Statistics is mostly absent from the book, apart from the remark that statistical uncertainty (understood as the imprecision induced by a finite amount of data) differs from modelling errors (the model is not reality), which the author considers cannot be handled by statistics (stating that Deborah Mayo‘s theory of statistical error analysis cannot be extended to simulation, see the footnote on page 55). [In other words, this book has no connection with Monte Carlo Statistical Methods! With or without capitals… Except for a mention of `real’ random number generators on—one of many—footnotes on page 35.]  Mention is made of “subjective probabilities” (page 54), presumably meaning a Bayesian perspective. But the distinction between statistical uncertainty and scenario uncertainty which “cannot be adequately described in terms of chances or probabilities” (page 54) misses the Bayesian perspective altogether, as does the following sentence that “specifying a degree of probability or belief [in such uncertainties] is meaningless since the mechanism that leads to the events are not sufficiently known” (page 54).

“Scientists can also give their subjective probability for a claim, representing their estimated chance that the claim is true. Provided that they indicate that their estimate for the probability is subjective, they are then explicitly allowing for the possibility that their probabilistic claim is dependent on expert judgement and may actually turn out to be false.” (page 57)

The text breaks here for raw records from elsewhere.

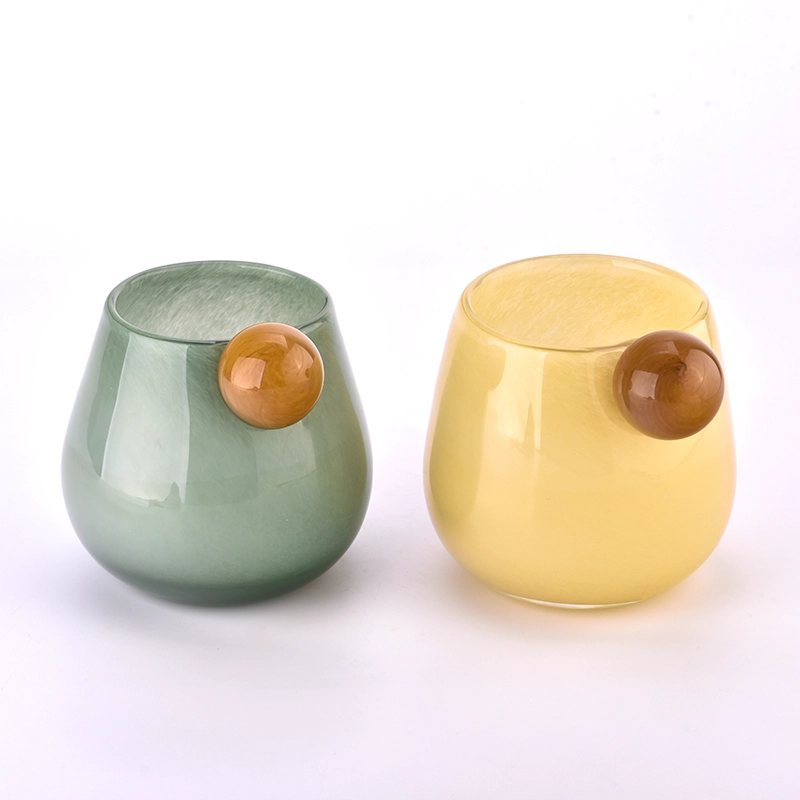 Mouth blown glass candle jars with round handle 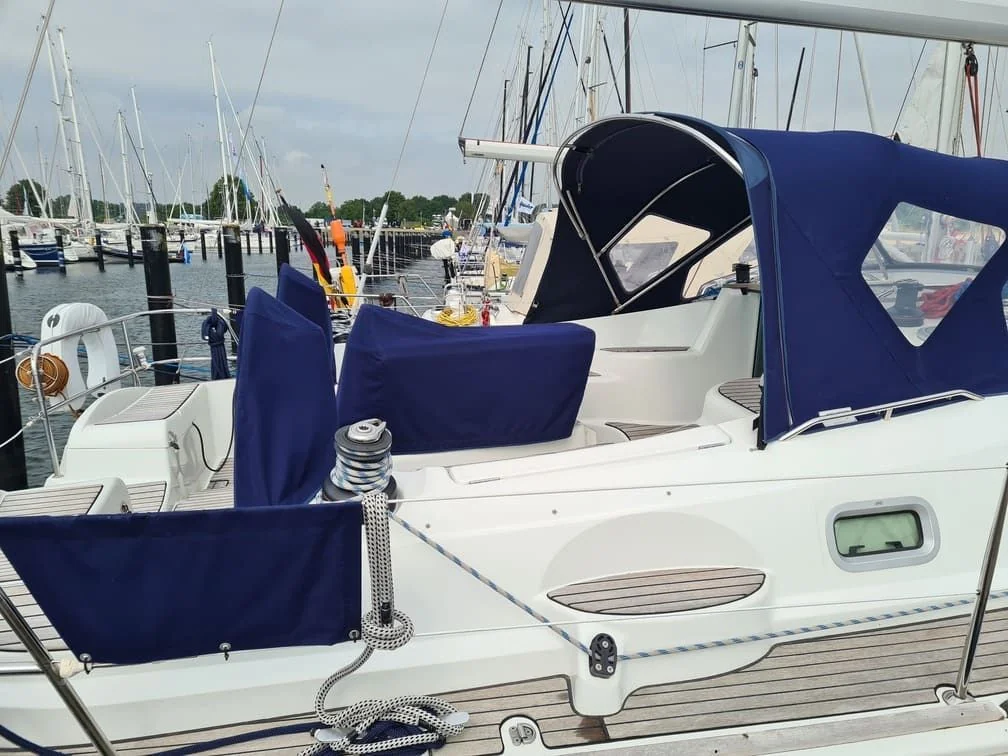 Sailboat moored at Jacksonville marina with canvas canopy and rigging visible.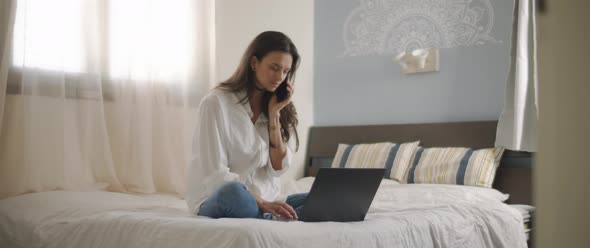 A woman talking to someone on the phone while working with a laptop from home. 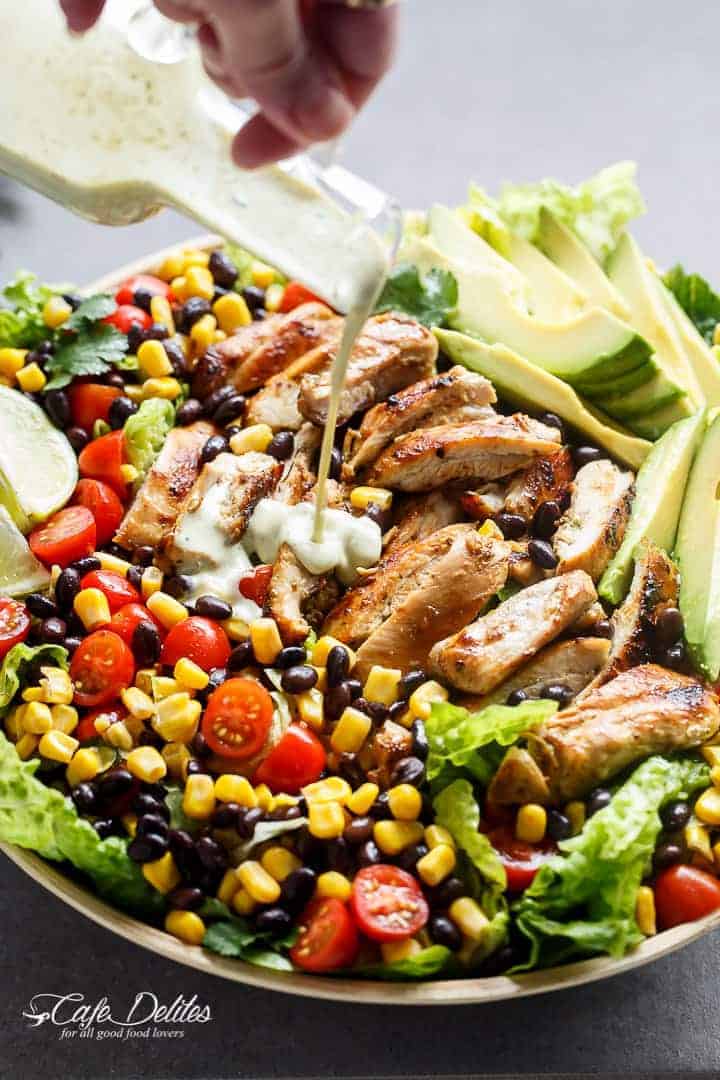 A Low Fat Creamy Dressing pouring over Southwestern Chicken Salad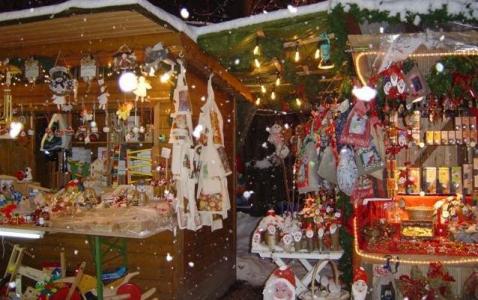 Zwei hölzerne Marktstände, die mit Weihnachtsschmuck und Lichtern geschmückt sind, bieten verschiedene Weihnachtsartikel und Geschenke an, während in der Szene sanft der Schnee fällt.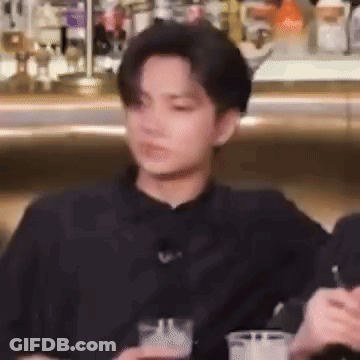 A Man In A Black Shirt Is Sitting At A Table With A Drink In His Hand . GIF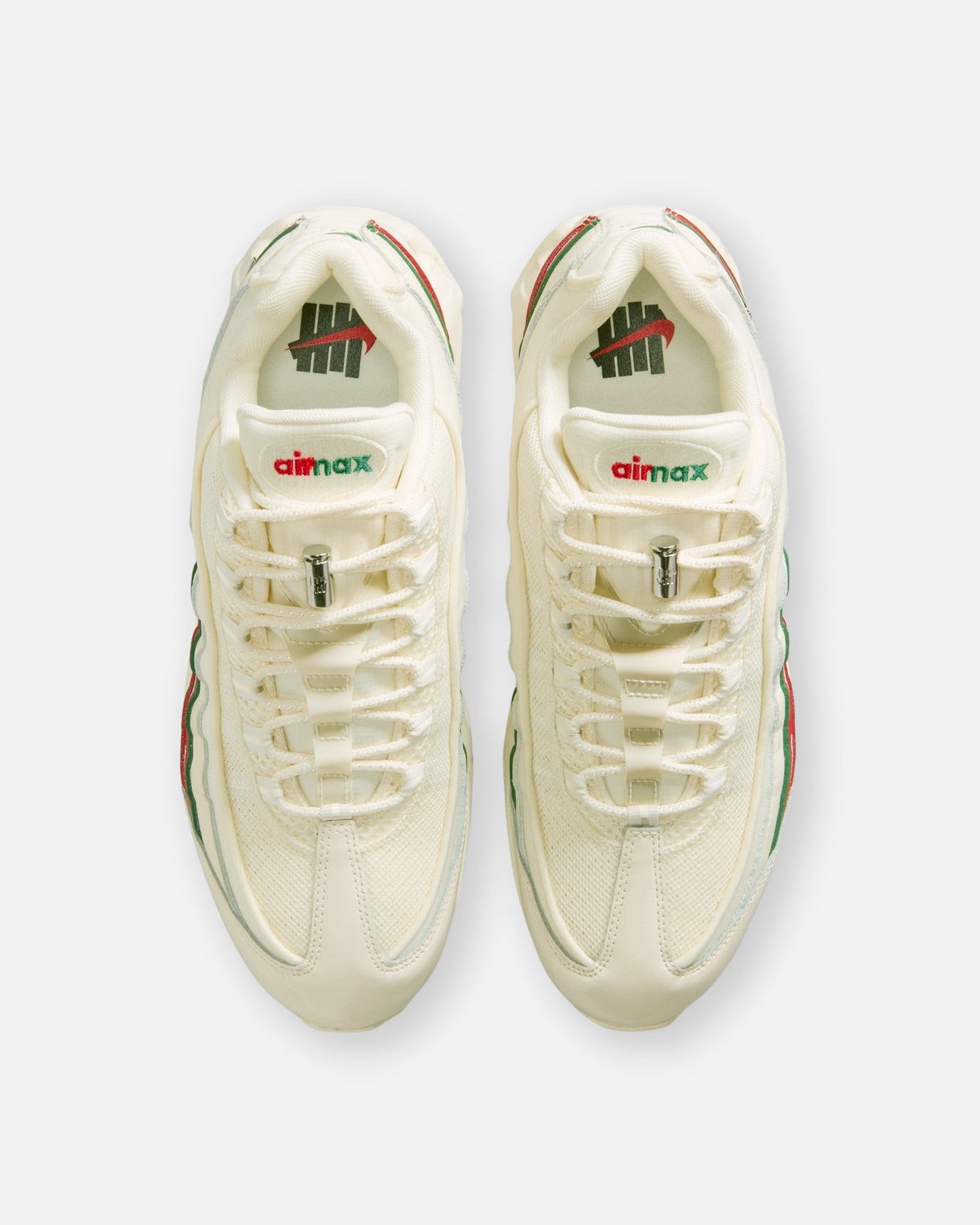 UNDEFEATED x Nike Air Max 95 Sneakers – Cream with Red & Green Accents
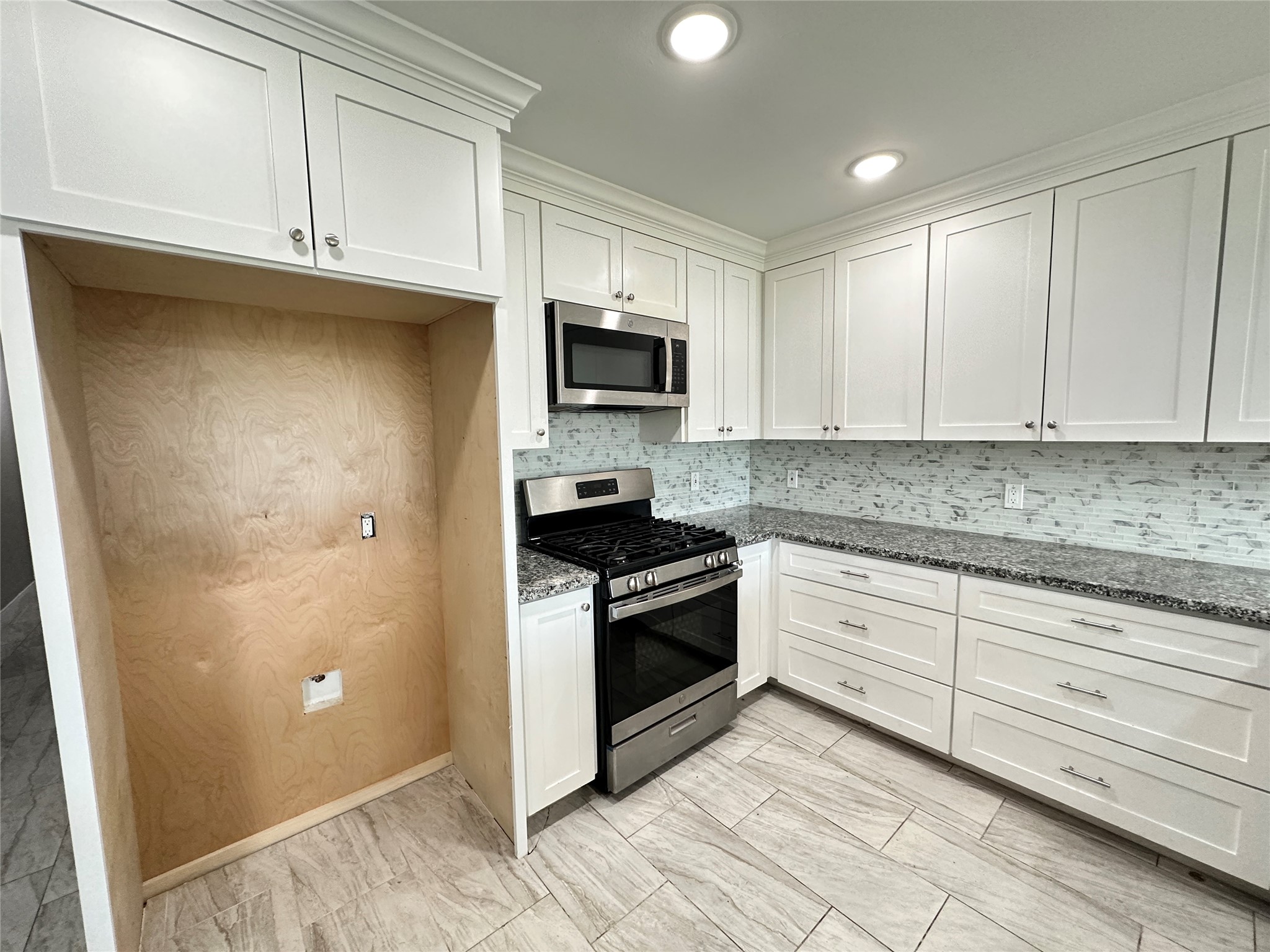 12703 West Hardy Road Houston, TX 77037 - Photo 9 of 29 a kitchen with granite countertop cabinets stainless steel appliances and a sink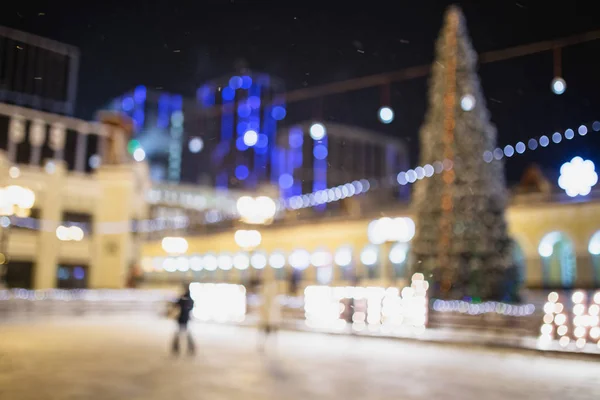 Defocused outdoor ice skating rink with blurred people in winter — Stock Photo, Image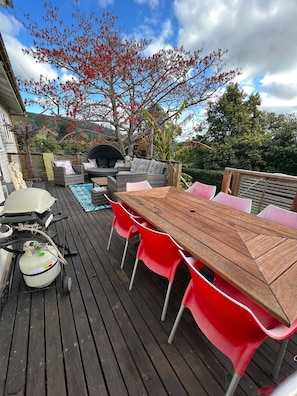 On the deck is a dining table table, mini weber BBQ & comfortable seating.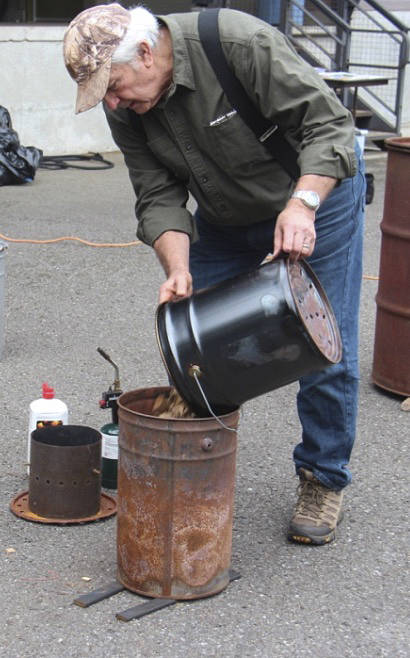 Norm Baker adds chips to one of the smaller versions of burners he has created. The barrels used have holes in the bottom and the lid. The lid has a stovepipe, when burning correctly, it creates no smoke.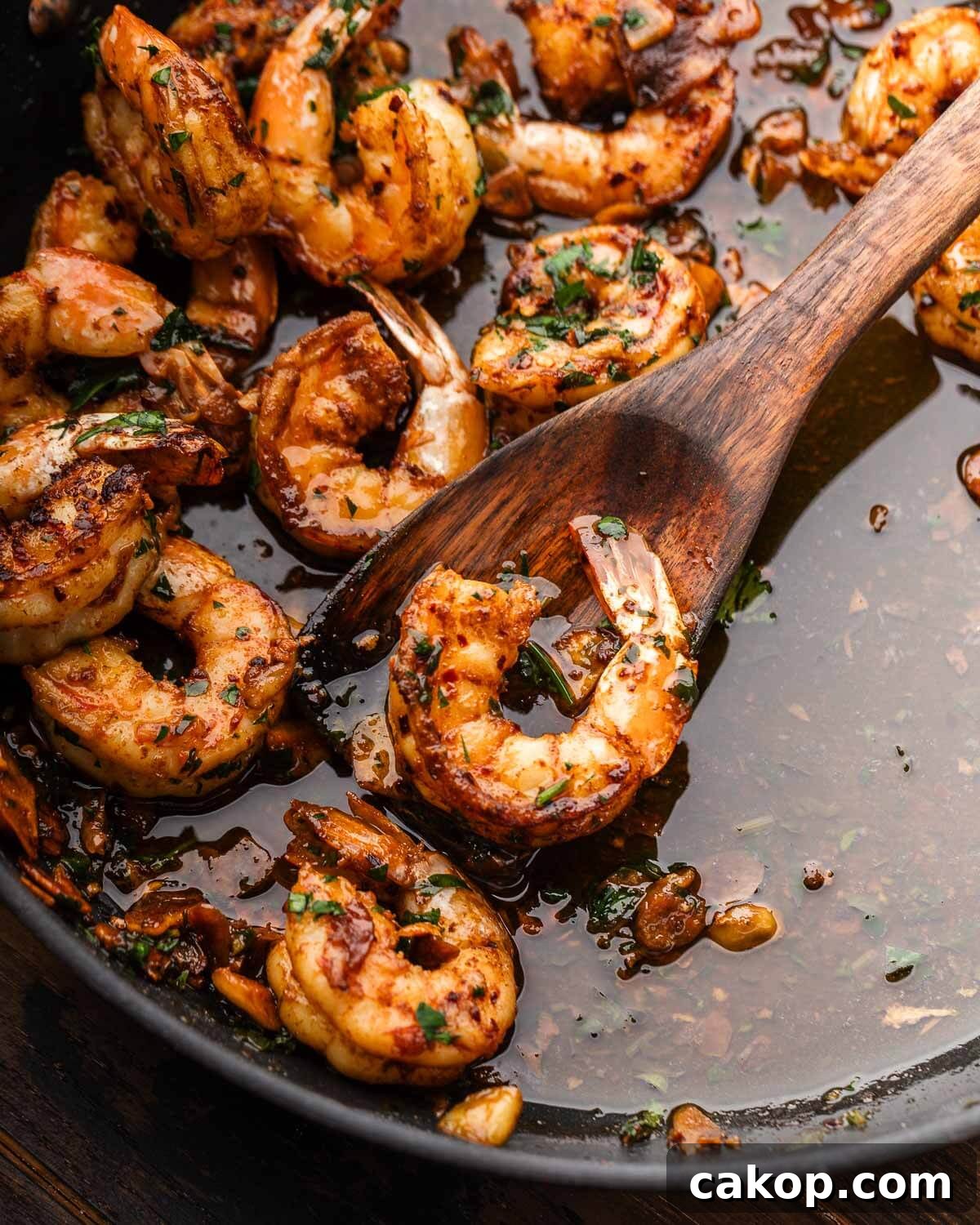 Gambas al ajillo in black pan with wooden spoon holding a shrimp.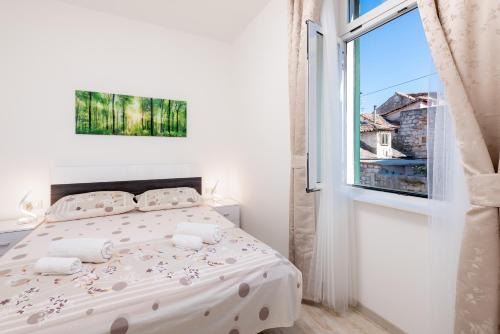 a white bedroom with a bed and a window at Apartment Linda in Split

In conclusion, I fear the book does not bring enough of a conclusion on the philosophical justifications of using a simulation model instead of the actual reality and on the more pragmatic aspects of validating/invalidating a computer model and of correcting its imperfections with regards to data/reality. I am quite conscious that this is an immensely delicate issue and that, were it to be entirely solved, the current level of fight between climate scientists and climatoskeptics would not persist. As illustrated by the “Sound Science debate” (pages 68-70), politicians and policy-makers are very poorly equipped to deal with uncertainty and even less with decision under uncertainty. I however do not buy the (fuzzy and newspeak) concept of “post-normal science” developed in the last part of Chapter 4, where the scientific analysis of a phenomenon is abandoned for decision-making, “not pretend[ing] to be either value-free or ethically neutral” (page 75).